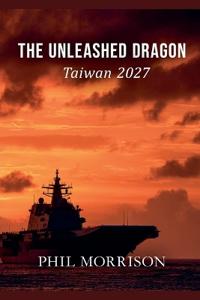 THE UNLEASHED DRAGON Taiwan 2027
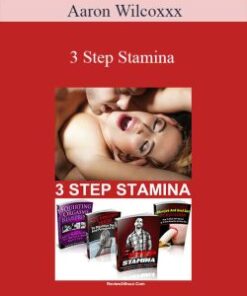 Aaron Wilcoxxx – 3 Step Stamina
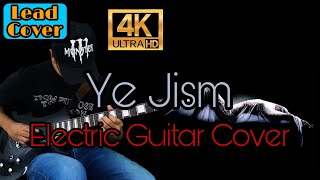 Ye Jism Hai To Kya Electric Guitar Cover by shanky Dew | Jism 2 | Ali Azmat | 4k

···

— Work item —
Produce a word-for-word version of the material, with no pictures included.

— Exercise response —
 THE UNLEASHED DRAGON Taiwan 2027
 Aaron Wilcoxxx – 3 Step Stamina
 Ye Jism Hai To Kya Electric Guitar Cover by shanky Dew | Jism 2 | Ali Azmat | 4k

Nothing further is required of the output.